Alors que le guerre en Syrie dure depuis sept ans déjà, quel est le but réel des frappes occidentales à Douma ? (Ici, à Kobané en 2014)

L’attaque effectuée contre la Syrie le 14 avril par les forces américaines, britanniques et françaises, en représailles à l’utilisation présumée par le gouvernement syrien de chlore à Douma, n’a que très peu, voire pas du tout, changé la réalité militaire sur le terrain mais elle a rapproché le monde d’un affrontement direct entre superpuissances. Le président russe Vladimir Poutine a noté à juste titre que l’exécution de frappes militaires en violation de la Charte des Nations unies serait nécessairement un facteur de chaos dans les relations internationales.

Si les gouvernements occidentaux prétendent disposer de preuves irréfutables quant à la responsabilité du gouvernement de Bachar al-Assad dans l’attaque, ils n’en ont présenté aucune.
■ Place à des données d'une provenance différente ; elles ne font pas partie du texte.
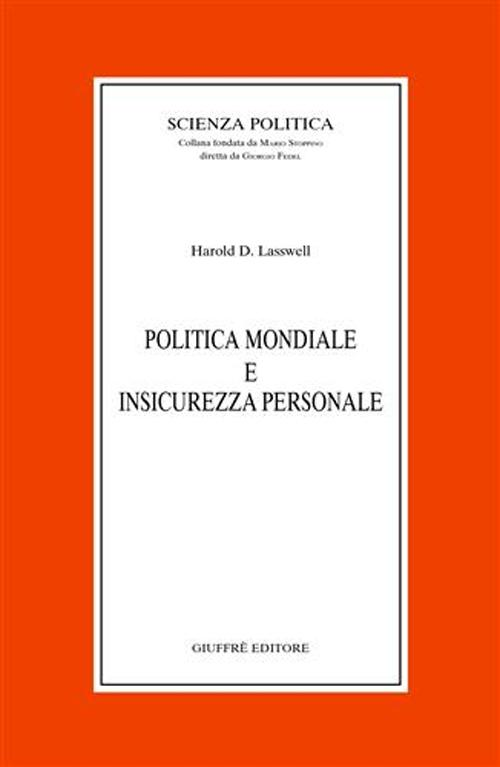 Politica mondiale e insicurezza personale Scarica PDF EPUB
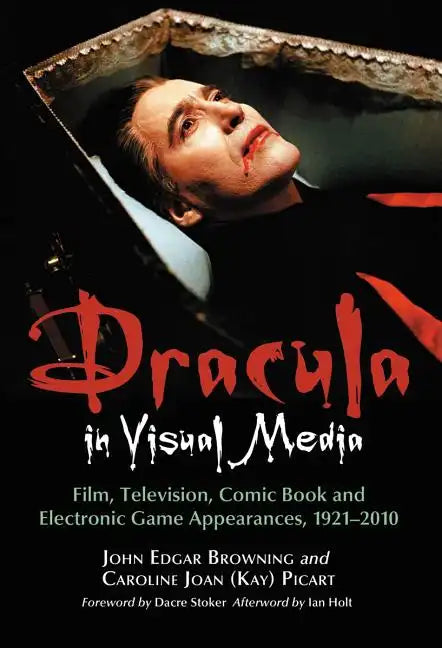 Dracula in Visual Media: Film, Television, Comic Book and Electronic Game Appearances, 1921-2010 - Paperback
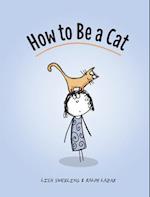 How to Be a Cat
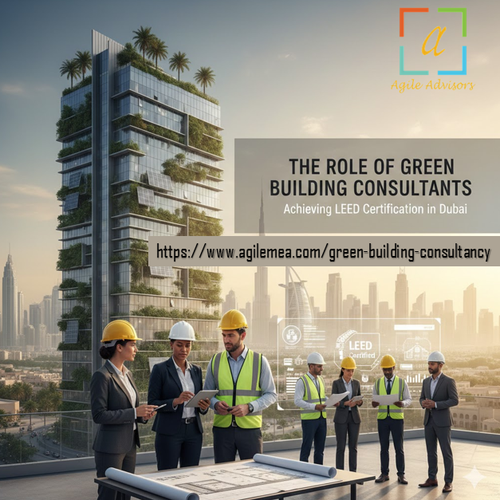 The Role of Green Building Consultants in Achieving LEED Certification in Dubai.png
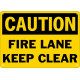 Caution Fire Lane Keep Clear Safety Sign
Pire, ils ont d’ailleurs que leurs renseignements venaient de « médias sociaux » (dont on sait à quel point ils sont fiables…) et de sources sur place dont on peut douter de la neutralité.

A minima, la date choisie pour mener cette opération soulève quelques interrogations puisqu’il s’agit du jour même où une équipe de l’Organisation pour l’interdiction de l’utilisation des armes chimiques (OIAC) arrivait à Damas avant de se rendre à Douma pour y mener une enquête déjà trop tardive. Le fait que centre de recherche scientifique, ciblé par les frappes, dans la capitale syrienne ait été inspecté à deux reprises en 2017 par des experts de l’OIAC, qui avaient certifié l’absence de toute substance suspecte, n’aidera pas à lever les doutes.

Ce qui est aujourd’hui connu c’est que de très fortes pressions ont été exercées sur Donald Trump par Theresa May et Emmanuel Macron (qui s’en est d’ailleurs vanté dans la très longue interview que lui a consacré BFMTV, dimanche 15 avril) pour qu’il se joigne à une action militaire, quelques jours seulement après avoir annoncé son intention de retirer les forces américaines dès la défaite finale de Daech. Le « parti de la guerre » aux Etats-Unis, y compris au sein même de la Maison Blanche, a incité de son côté le président américain à se livrer à une démonstration de force. Beaucoup y voient une tentative désespérée de l’élite transatlantique de montrer qu’elle se situe au-dessus du droit international et qu’elle est encore en mesure d’imposer son ordre mondial. Le Daily Telegraph avait précisé le but visé dans un article du rédacteur Allister Heath paru le 14 mars, au beau milieu de l’hystérie antirusse autour de l’« affaire Skripal ». Se faisant le porte-parole de l’Empire britannique, M. Heath écrivait que « la Grande-Bretagne a besoin d’un nouveau rôle dans le monde », qui est de construire une nouvelle alliance mondiale pour tenir tête au « totalitarisme » russe et chinois.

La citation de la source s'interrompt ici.